EXERCISE DETAILS. Starting at the line that contains "ZyXel Authorised 2020", transcribe each line exactly through the end of the data below, and skip any pictures.
*** Begin section ***
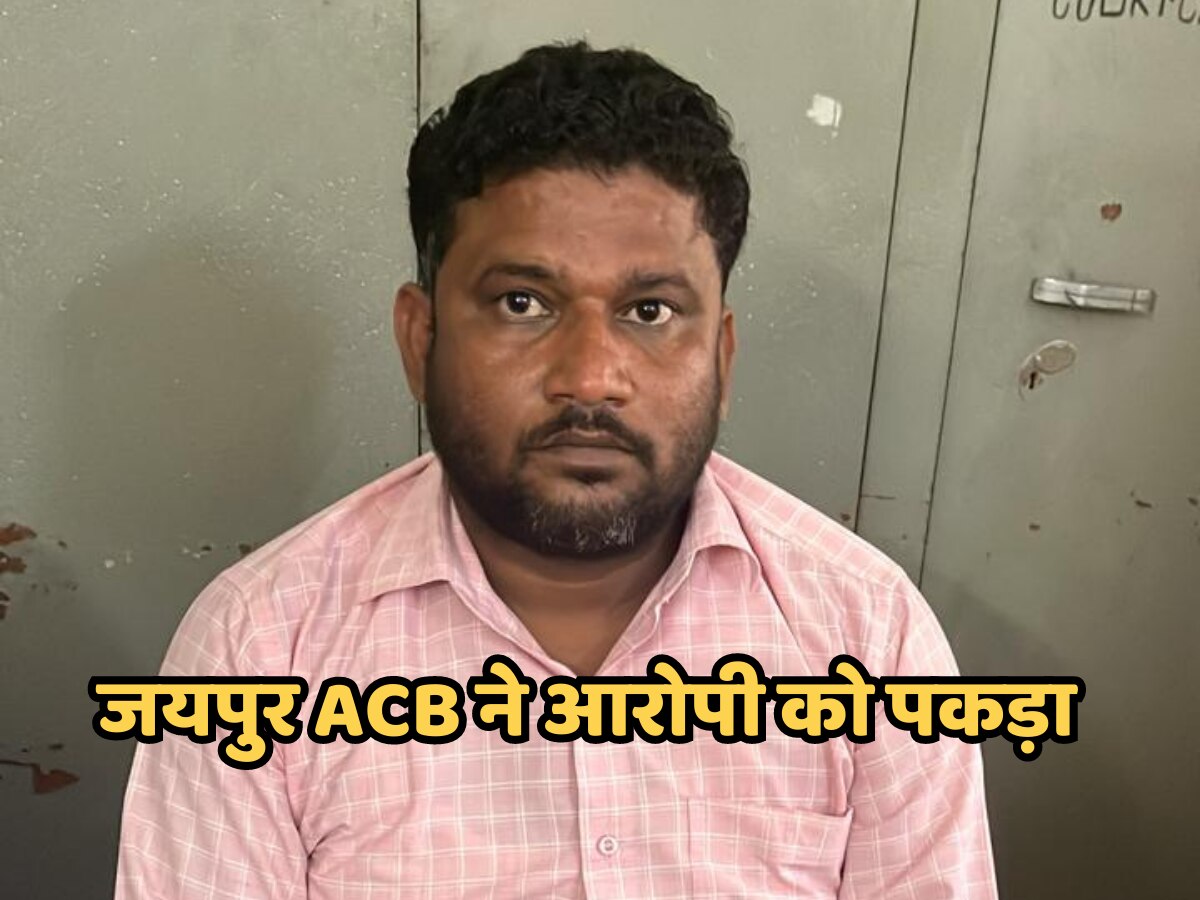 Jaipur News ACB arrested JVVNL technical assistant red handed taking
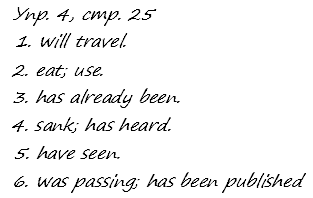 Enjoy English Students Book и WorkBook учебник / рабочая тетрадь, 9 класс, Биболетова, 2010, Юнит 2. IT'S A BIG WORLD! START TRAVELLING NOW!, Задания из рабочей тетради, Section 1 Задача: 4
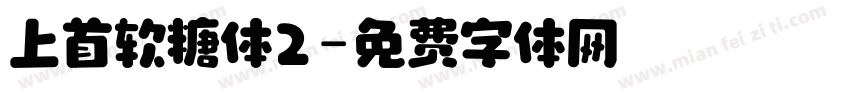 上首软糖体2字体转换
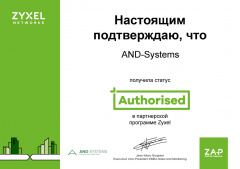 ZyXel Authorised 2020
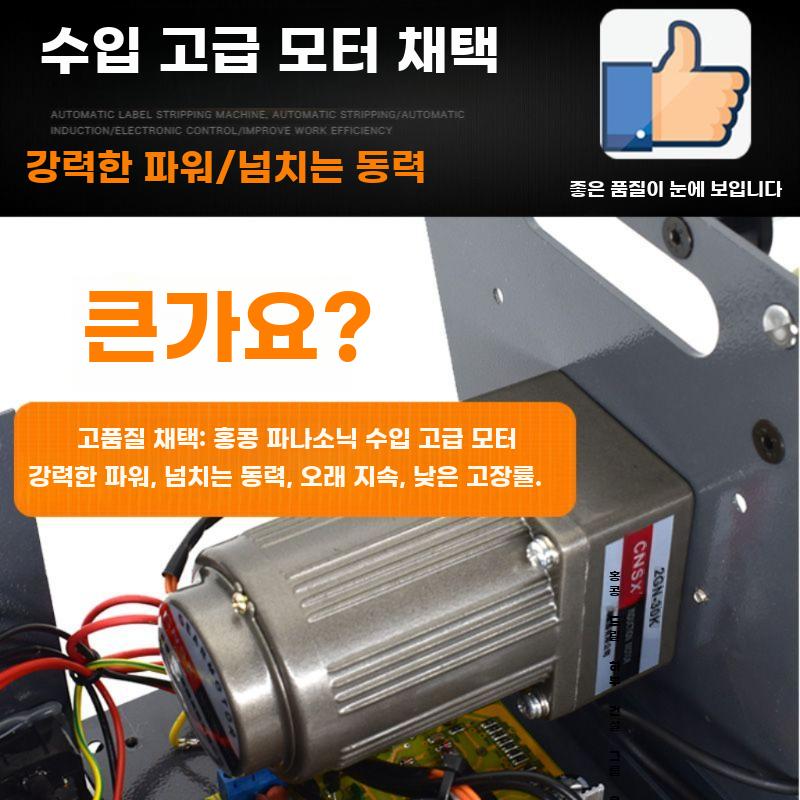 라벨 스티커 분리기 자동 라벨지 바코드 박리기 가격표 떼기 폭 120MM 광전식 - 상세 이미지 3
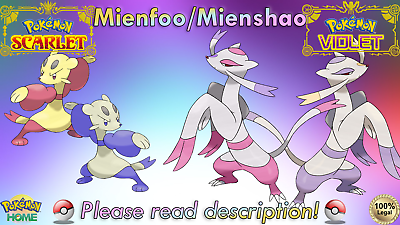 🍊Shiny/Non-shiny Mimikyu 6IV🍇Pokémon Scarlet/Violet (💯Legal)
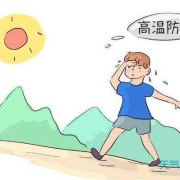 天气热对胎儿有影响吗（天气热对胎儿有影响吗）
*** End section ***
EXERCISE RESULT.
 ZyXel Authorised 2020
 라벨 스티커 분리기 자동 라벨지 바코드 박리기 가격표 떼기 폭 120MM 광전식 - 상세 이미지 3
 🍊Shiny/Non-shiny Mimikyu 6IV🍇Pokémon Scarlet/Violet (💯Legal)
 天气热对胎儿有影响吗（天气热对胎儿有影响吗）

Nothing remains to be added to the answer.